Ah, qué linda historia. Cuán vivificante. Justificadora, incluso. Triunfante, redonda, feliz. Pero, a pesar de todos sus valores, hay un pequeño detalle acerca de ella que no debemos ignorar:…no es cierta. Sí, amigos, así como lo oyen: es todo ilusión. Si bien, obviamente, presenta elementos más que verdaderos, hay otros, especialmente en la segunda parte, que, aunque están dadas todas las condiciones para que pudieran ser perfectamente reales, no dejan de ser pura ficción. Sobre todo en lo que respecta a escribir. No escribo nada. Ni en mi blog, ni mis novelas, ni un cuento corto. Nada. Tanto escribir en el último año y medio, cuando no me consideraba a mí mismo como “escritor”, para ahora que lo digo y lo asumo abiertamente, pues no escribir.

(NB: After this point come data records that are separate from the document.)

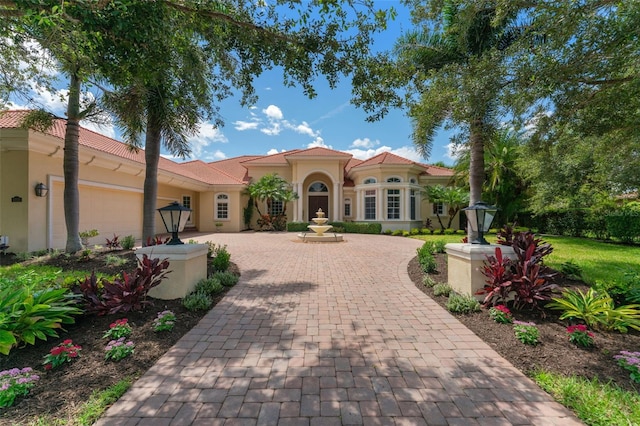 mediterranean / spanish-style home with a garage, decorative driveway, a tile roof, and stucco siding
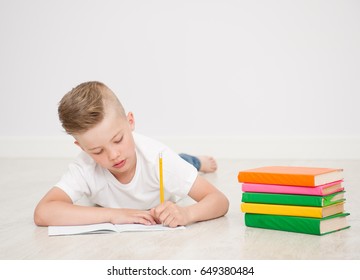 Boy writes in a notebook while lying on the floor of the house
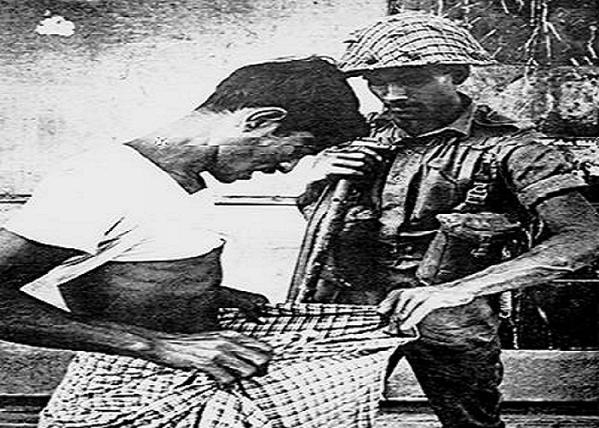 A pakistani soldier checks if a man is circumcised or not to identify his religion.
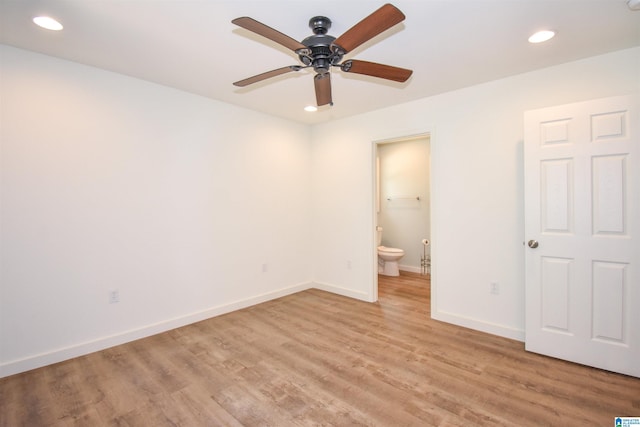 unfurnished bedroom with recessed lighting, light wood finished floors, baseboards, ensuite bath, and ceiling fan
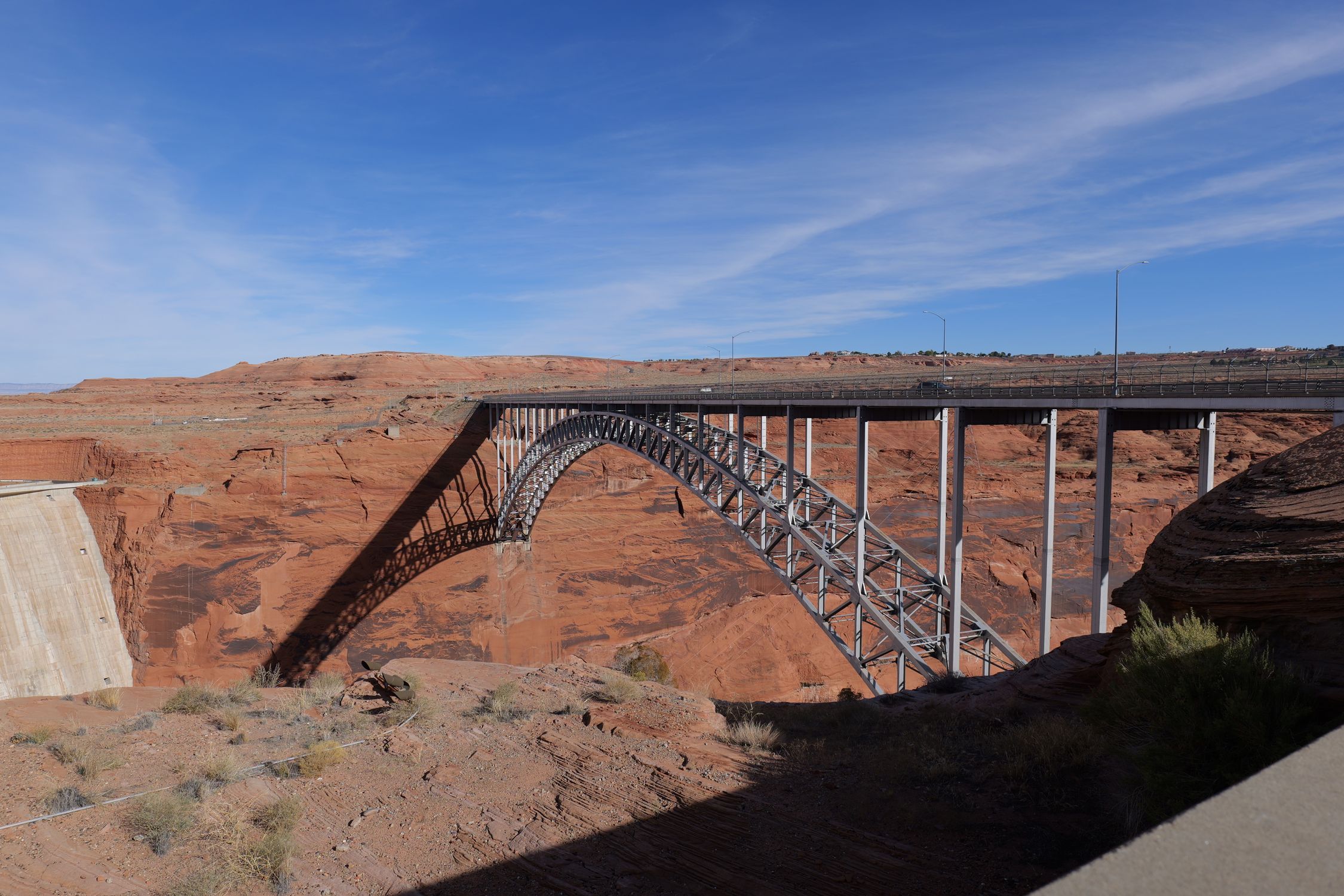 Glen Canyon Bridge spans the sandstone canyon under a clear blue sky in Arizona.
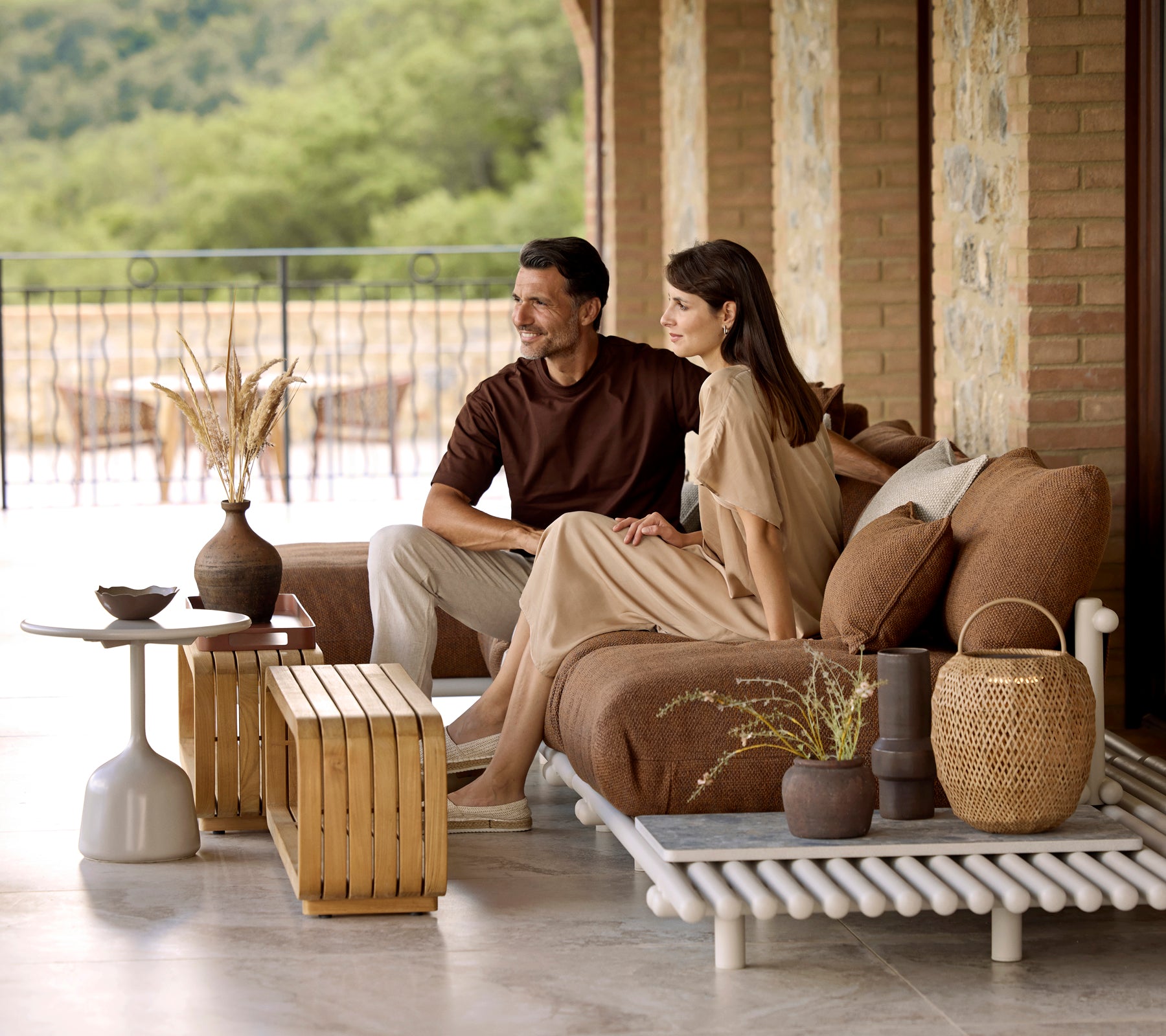Una pareja está sentada juntos en un sofá elegante, rodeados de elementos decorativos que incluyen una mesa de café suave y acentos de buen gusto.
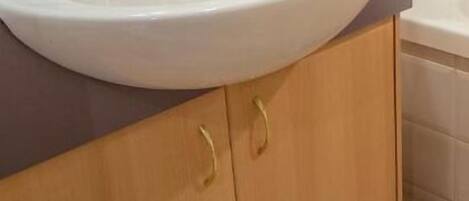 Een badkamer met een wit wastafelmeubel, houten kastjes en een betegelde vloer.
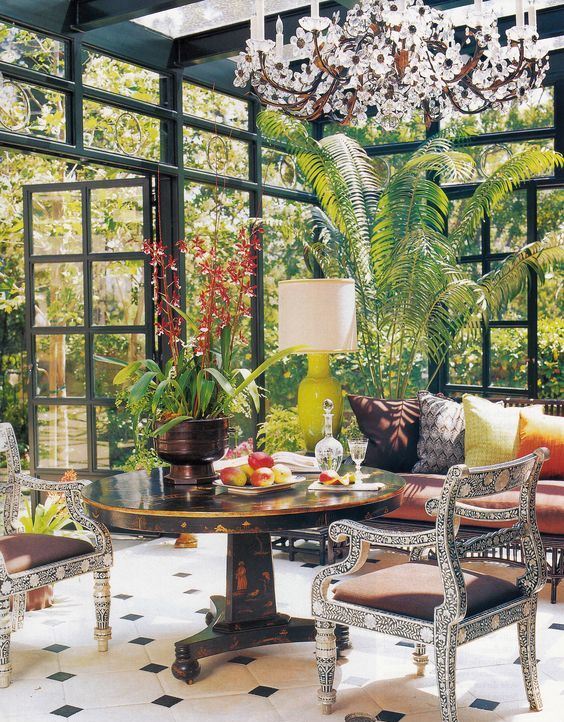 a colorful vintage sunroom with a dark stained table, refined chairs, a daybed with vibrant pillows, potted greenery and a gorgeous floral chandelier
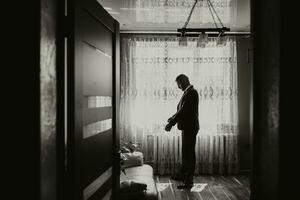 el novio es en su habitación por el ventana consiguiendo vestido y preparando para el Boda ceremonia foto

Una anécdota: hace unos meses, un cretino me puso en un comentario en la página de Facebook de mi blog que este debería llamarse mejor “el estúpido que quería escribir”. Estoy convencido de que nunca supo que era yo, Raúl, quien se escondía tras tal seudónimo, porque nos conocemos en la vida real y sé que no se tiraría conmigo de esa manera (además tal comentario refleja que jamás se lo ha leído). Solo vio el nombre y decidió hacer un fácil juego de palabras. Luego de sonreír fríamente frente a la computadora e indicarle que censurara las ideas que le venían a la cabeza ya que la libertad de expresión es algo que solo le permito a mis amigos (a hablar mal de mí donde yo no pueda oírlo y eso va con absolutamente todo el mundo) di el asunto por olvidado. Pues bien, resulta que después de todo, el cretino - por razones diferentes a las que indicó, obviamente - tenía de todas formas la razón: yo no soy más que un estúpido que quiere escribir.

Pues no sé qué pasa (claro que sí lo sé, pero vayamos por partes), pero por alguna razón no me siento a escribir. No es ni ausencia de ideas ni miedo a la página en blanco ni bloqueo mental, ni ningunas de esas razones que mis “colegas” apelan para justificar sus períodos de ausencia frente al teclado. Yo tengo miles y miles de cosas sobre las que quiero escribir (cada día más) y solo basta que me siente frente a una “temida” página en blanco para llenarla en doce minutos. Aparentemente mis causas son muchísimo más banales y tontas: tengo mucho sexo, pierdo mucho el tiempo pensando que pierdo el tiempo y me pasó el día en Facebook. Ya: lo dije. Pero lo que más me molesta (empinga) es que podría perfectamente tener la misma cantidad de sexo, perder el mismo tiempo pensando que lo pierdo y seguir en Facebook y así y todo escribir (reducir algo estas cosas no vendría mal, pero en serio no son la causa de mi ausencia de escritura). Entonces, ¿qué pasa? ¿Por qué no escribo? Pues las causas reales son algo más profundas.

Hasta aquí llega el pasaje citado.